When will LBX be listing $DADI?
Very soon! 🙂
Curious about the node ROI projections. They seem decent. Down the road though, as we look at the addressable market and the projections from the white paper, the revenue can be possibly tens of dollars per DADI token per year as far as I can tell. So the host projections kind of hockey stick at some point. I guess the non-staking devices eat into this on exchange for a more robust network. Anyway, how do you guys see this network working at huge scale?
The architecture as it currently stands is capable of scaling to hundreds of millions of devices. It is envisaged as a single market-driven network, for mixed use software presented through a series of SaaS layers. As it's a marketplace, supply and demand must be balanced. In the first instance this is being controlled directly (through a phased approach to onboarding and the rollout of the backbone), but it will open up in time. So as the technology scales, the model scales as well: over time we expect the POS requirements to be reduced. Plus, the current network/model configuration intentionally builds in a lot of spare capacity: as we gather data and better understand production performance, this overhead will be reduced, which will in turn increase the earning potential of nodes.
Will you take down content if required by repressive governments? Wasn’t this one of the advantages of dadi that it is harder to censor?
DADI operates within the boundaries of the law in the jurisdictions in which it has active business operations (currently the United Kingdom). We have no plans to set up shop in countries with repressive governments, meaning that we are not bound by the law of such countries. In this respect, yes - DADI is harder to censor. We believe that operating within existing legal frameworks is essential to the success of crypto. Individuals/projects that think they can sidestep the law are naive at best. What business or enterprise is going to use technology that takes such a stance?
Maybe a strange question: Would it be possible to have a private cloud fork of DADI that big service providers could offer business customers as something like SharePoint?
Yes, this is a possibility, and something that we have been exploring with a large-scale potential customer since early this year.
How far have you come with the dashboards for customers and miners/hosts? What techniques are you using when building this? What is built using DADI decentralized services and what else are you using?
We've come a long way with the dashboards for Nodes! I'm pretty excited to start to show you the work. Our account dashboards - the very first version of which we'll be releasing after the AMA today! - will act as an account overview for communicating important information at-a-glance.

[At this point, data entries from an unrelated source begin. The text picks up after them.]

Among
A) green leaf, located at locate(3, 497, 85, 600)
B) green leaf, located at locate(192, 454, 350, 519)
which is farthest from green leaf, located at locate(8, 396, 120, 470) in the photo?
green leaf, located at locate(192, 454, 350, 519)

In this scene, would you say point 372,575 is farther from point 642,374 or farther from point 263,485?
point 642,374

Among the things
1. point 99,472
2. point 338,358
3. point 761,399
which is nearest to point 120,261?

The dashboards in their first iteration exist to facilitate initial users accounts and over time will evolve as we release more features and new dApps come online.
We are currently finessing the final interface elements for how users will onboard, interact and monitor the founding nodes to their account. This coincides with the production of our interface toolkit, providing a unified experience for tools and services on the DADI network.

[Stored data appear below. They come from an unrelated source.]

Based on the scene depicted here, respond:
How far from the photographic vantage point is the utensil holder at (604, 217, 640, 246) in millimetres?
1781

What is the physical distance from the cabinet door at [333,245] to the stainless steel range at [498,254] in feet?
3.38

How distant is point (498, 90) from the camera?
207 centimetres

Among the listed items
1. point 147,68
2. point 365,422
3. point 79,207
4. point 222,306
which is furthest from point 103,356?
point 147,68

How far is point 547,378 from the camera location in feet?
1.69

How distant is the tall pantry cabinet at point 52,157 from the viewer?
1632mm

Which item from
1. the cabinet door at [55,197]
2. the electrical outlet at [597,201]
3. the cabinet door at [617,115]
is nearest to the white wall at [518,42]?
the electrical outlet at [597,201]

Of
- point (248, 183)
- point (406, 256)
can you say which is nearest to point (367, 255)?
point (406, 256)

The process used to deliver these design decisions follow customer, community and user research, as well as expert opinion. +We have a test team in house who I work with on the day to day.
Everything we build is built with DADI.
Is DADI Store still on track for release by the end of this quarter? Do you have any clients lined up to use it once it goes live?
Yes. Store works with other DADI dApps, meaning that it will be supporting CDN early in its lifecycle. We have customers in place for this production use case.